* **Exercise requirements**
Find "The Casual Japanese" in the entries below; copy that line through the last, exactly, with no pictures.

━━ Working data ━━

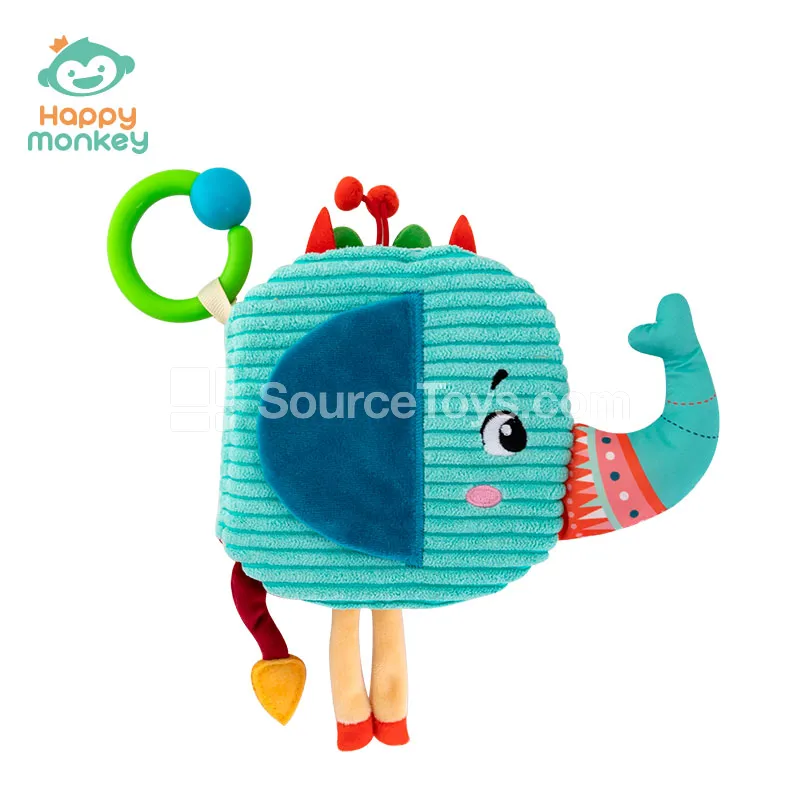 Baby Tail Cloth Book 6M+ Chewable Tear-Resistant 3D Educational Baby Tail Cloth Book 6M+ Chewable Tear-Resistant 3D Educational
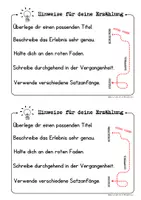 Vorschau - Arbeitsblätter - Ferienerzählung//Erzähl- und Schreibanlass 2.-4.Klasse - Seite 3
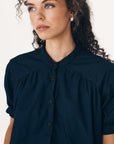 Rowie Cora Spring Blouse Ink Cotton
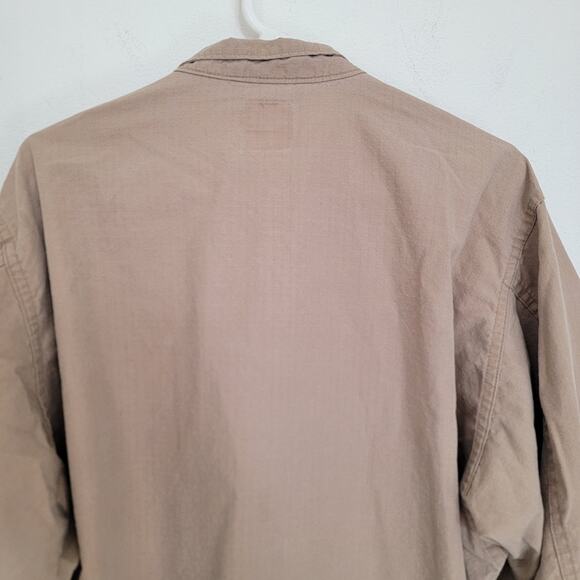 U.S. Navy 2POC Top Blouse Coat XL Long Khaki Uniform Flame-Resistant FR USN Sea - Picture 8 of 13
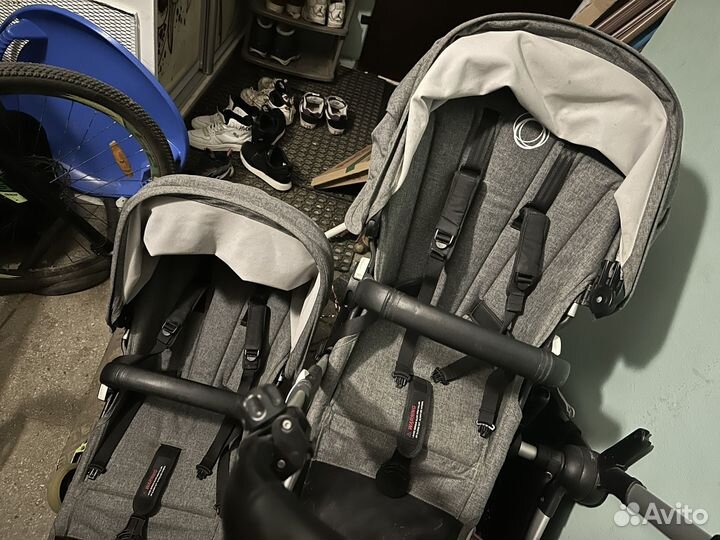 Коляска 2 в 1 для двойни Bugaboo Donkey twin 3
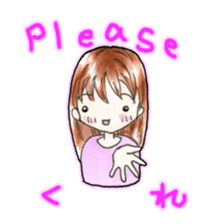 The Casual Japanese and English Stickers sticker #13343407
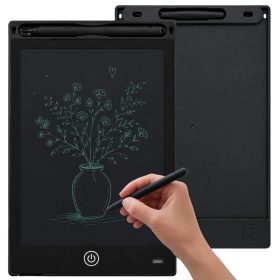   LCD elemes Rajztábla ceruzával, törlés gombbal 8,5", fekete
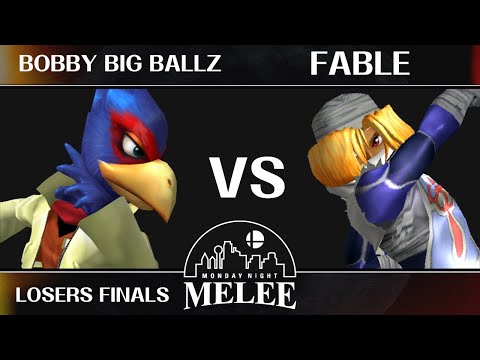 MNM 355 - Losers Finals - bobby big ballz (Falco) VS Fable (Sheik) - SSBM Melee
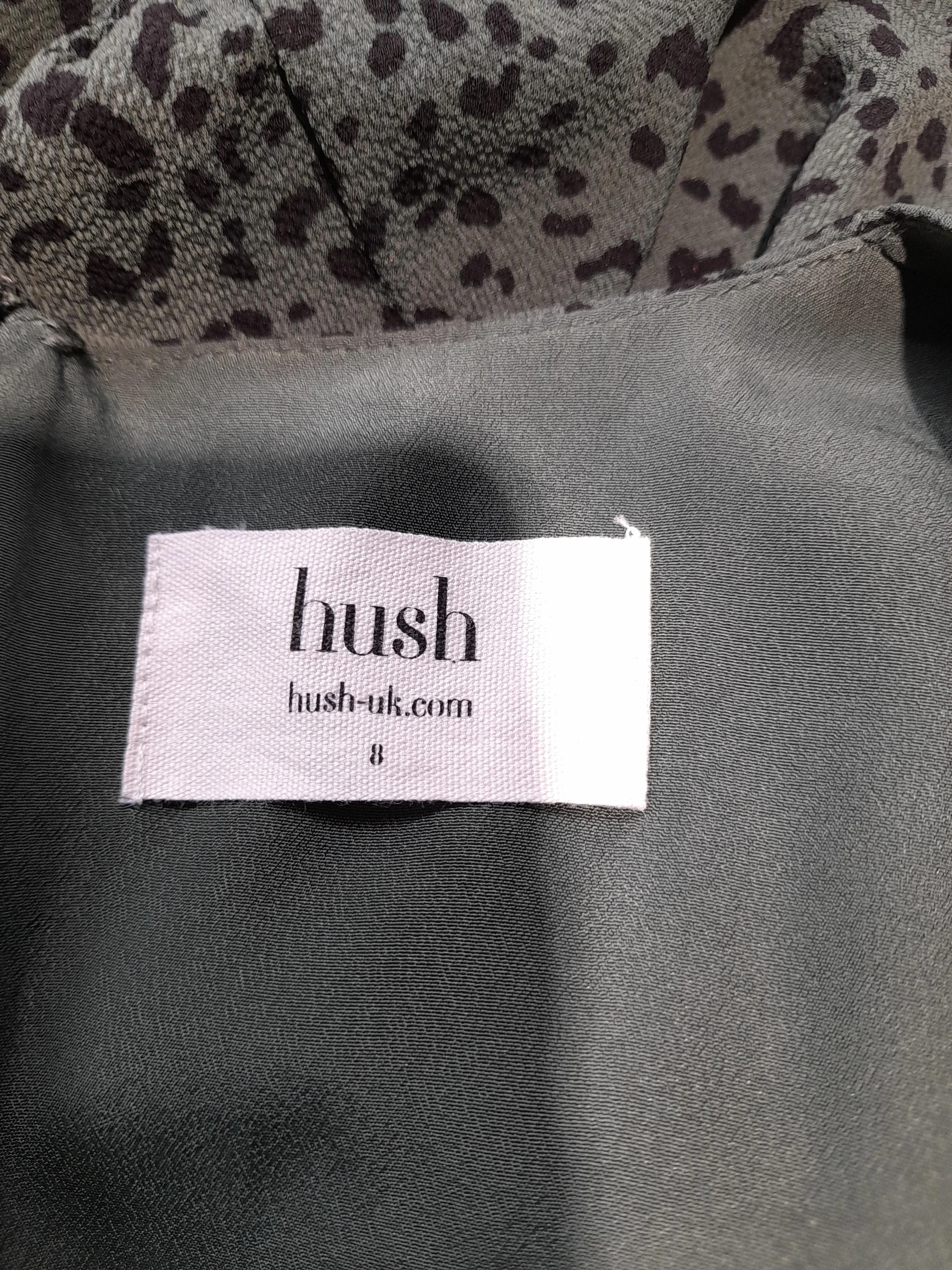 Hush Skater Midi Dress UK8 in Green - Image 5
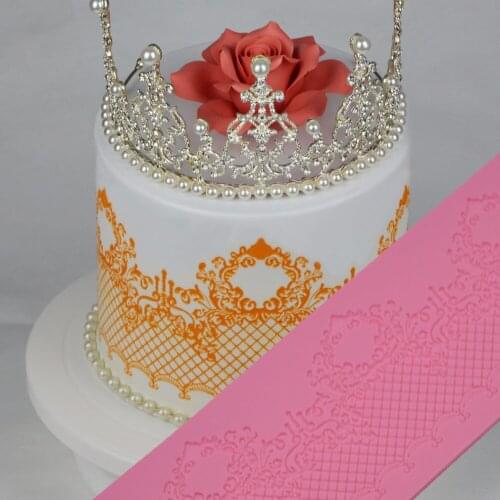 Food Grade Lace Silicone Baking Tools For Cake Decoration, Chocolate and Fondant Molds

━━━

* **Answer to this exercise**
 The Casual Japanese and English Stickers sticker #13343407
   LCD elemes Rajztábla ceruzával, törlés gombbal 8,5", fekete
 MNM 355 - Losers Finals - bobby big ballz (Falco) VS Fable (Sheik) - SSBM Melee
 Hush Skater Midi Dress UK8 in Green - Image 5
 Food Grade Lace Silicone Baking Tools For Cake Decoration, Chocolate and Fondant Molds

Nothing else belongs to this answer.